Pada abad ke-12, seorang pemimpin besar Islam, Shalahuddin Al-Ayubi juga mengalami kegelisahan yang sama. Saat itu umat Islam mundur dan dikuasai oleh tentara salib selama berpuluh-puluh tahun. Shalahuddin terus berpikir, mencari akar penyebab kejumudan dan kemunduran yang menimpa umat Islam hari itu. Akhirnya, sampailah beliau pada kesimpulan bahwa umat Islam mundur karena mereka telah melupakan nabinya, Muhammad saw. Muhammad adalah teladan segala bentuk kesuksesan. “Sesungguhnya dalam diri rasulullah terdapat teladan yang baik bagimu” begitu Allah berfirman. Jadi siapapun yang mengenal Muhammad, mencintainya, dan kemudian menjadikannya teladan dalam setiap gerak kehidupannya, dia pasti akan menuai kemuliaan hidup dan kesuksesan dalam bidang apapun.
Shalahuddin akhirnya menyerukan kepada semua para alim ulama di seluruh penjuru kekuasaannya untuk mengajarkan sirah nabawiyah kepada masyarakat dan generasi muda. Beliau menggelorakan semangat mengenal Nabi dan mencintainya sepenuh hati, bukan sekedar retorika dan ritual. Semua guru, para ulama bahu membahu mem-PR-kan sosok Muhammad kepada masyarakat. Usaha ini akhirnya berbuah manis. Kejumudan sirna, dan umat Islam bangkit ditandai dengan kemenangan yang gilang gemilang dalam perang salib.
Muhammad adalah cahaya abadi kebanggaan umat manusia. Siapapun yang meneladaninya ia pasti sukses. Sudah saatnya kita kembali pada kesadaran yang digelorakan oleh Shalahuddin Al-Ayubi 8 abad silam.

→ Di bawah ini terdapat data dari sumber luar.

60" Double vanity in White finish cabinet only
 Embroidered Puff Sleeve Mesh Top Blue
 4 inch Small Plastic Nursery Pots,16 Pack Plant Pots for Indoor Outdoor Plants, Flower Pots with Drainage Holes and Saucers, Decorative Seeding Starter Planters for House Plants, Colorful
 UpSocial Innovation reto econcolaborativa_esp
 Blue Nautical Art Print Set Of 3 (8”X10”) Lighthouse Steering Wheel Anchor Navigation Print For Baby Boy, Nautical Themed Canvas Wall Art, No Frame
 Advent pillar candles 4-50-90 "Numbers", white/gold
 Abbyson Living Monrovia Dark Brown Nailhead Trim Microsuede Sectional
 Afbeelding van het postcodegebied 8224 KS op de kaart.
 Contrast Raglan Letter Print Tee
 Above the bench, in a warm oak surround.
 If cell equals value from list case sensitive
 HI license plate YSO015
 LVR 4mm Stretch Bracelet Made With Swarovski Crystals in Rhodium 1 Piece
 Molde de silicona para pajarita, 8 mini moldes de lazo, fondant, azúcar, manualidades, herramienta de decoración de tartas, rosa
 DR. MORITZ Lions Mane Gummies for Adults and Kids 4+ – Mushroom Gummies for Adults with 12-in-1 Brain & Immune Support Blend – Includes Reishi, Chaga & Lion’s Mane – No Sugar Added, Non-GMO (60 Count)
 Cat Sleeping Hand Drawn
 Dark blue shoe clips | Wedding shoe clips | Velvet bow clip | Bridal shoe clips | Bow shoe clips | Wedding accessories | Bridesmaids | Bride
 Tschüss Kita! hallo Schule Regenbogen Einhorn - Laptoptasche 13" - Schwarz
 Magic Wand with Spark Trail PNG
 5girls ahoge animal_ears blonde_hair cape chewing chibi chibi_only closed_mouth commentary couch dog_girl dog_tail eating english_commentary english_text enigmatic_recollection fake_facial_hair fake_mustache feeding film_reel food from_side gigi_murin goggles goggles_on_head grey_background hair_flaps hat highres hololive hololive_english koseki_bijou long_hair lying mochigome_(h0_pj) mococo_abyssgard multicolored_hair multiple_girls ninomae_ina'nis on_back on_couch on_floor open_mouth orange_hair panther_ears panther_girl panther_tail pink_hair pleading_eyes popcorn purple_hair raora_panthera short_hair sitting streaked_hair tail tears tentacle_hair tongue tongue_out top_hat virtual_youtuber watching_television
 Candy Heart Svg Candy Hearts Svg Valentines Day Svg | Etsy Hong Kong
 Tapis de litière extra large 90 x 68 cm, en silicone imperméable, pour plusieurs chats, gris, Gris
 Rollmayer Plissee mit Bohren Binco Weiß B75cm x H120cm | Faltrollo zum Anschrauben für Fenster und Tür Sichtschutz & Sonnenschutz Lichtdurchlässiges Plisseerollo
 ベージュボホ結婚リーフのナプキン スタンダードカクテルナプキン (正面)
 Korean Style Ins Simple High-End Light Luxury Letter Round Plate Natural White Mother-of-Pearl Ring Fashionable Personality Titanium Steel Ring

Sudah saatnya kita mencoba mengenal Muhammad lebih dekat (konon tak kenal maka tak sayang), memahami pikiran dan lakunya, untuk kemudian kita coba implementasikan dalam kehidupan kita sehari-hari. Muhammad adalah seni kehidupan maha dahsyat yang memuat segala bentuk keindahan. Sudah saatnya kita membaca sirah-sirahnya yang begitu banyak ditulis. Semoga akan semakin tumbuh kecintaan yang membuncah di dalam dada kita kepadanya, sehingga setiap shalawat yang kita lantunkan kepadanya tidak lagi sekedar mantra tanpa makna, tapi menjadi sebentuk luapan kecintaan dari hati yang paling dalam.
Semoga semakin banyak dari umat ini yang mengenal, mencintai dan secara sadar menjadikan muhammad sebagai idola dan benchmark yang diteladi dalam setiap laku kehidupannya. sehingga dengan itu, peradaban ini akan kembali naik ke puncak peradaban umat manusia. Sungguh, keutamaan sosok manapun yang kita kagumi di dunia ini, akan kita dapati semua keutamaan itu ada dalam diri Muhammad. Tak ada sosok lain yang mendesak harus diajarkan seorang ibu kepada anaknya, kecuali muhammad. Tak ada sosok lain yang perlu ditanamkan kecintaannya oleh seorang guru kepada muridnya, kecuali muhammad. Muhammad sang cahaya abadi, kebanggaan umat manusia.  Sosok dimana Allah Tuhan semesta alam dan malaikatpun berucap salam kepadanya.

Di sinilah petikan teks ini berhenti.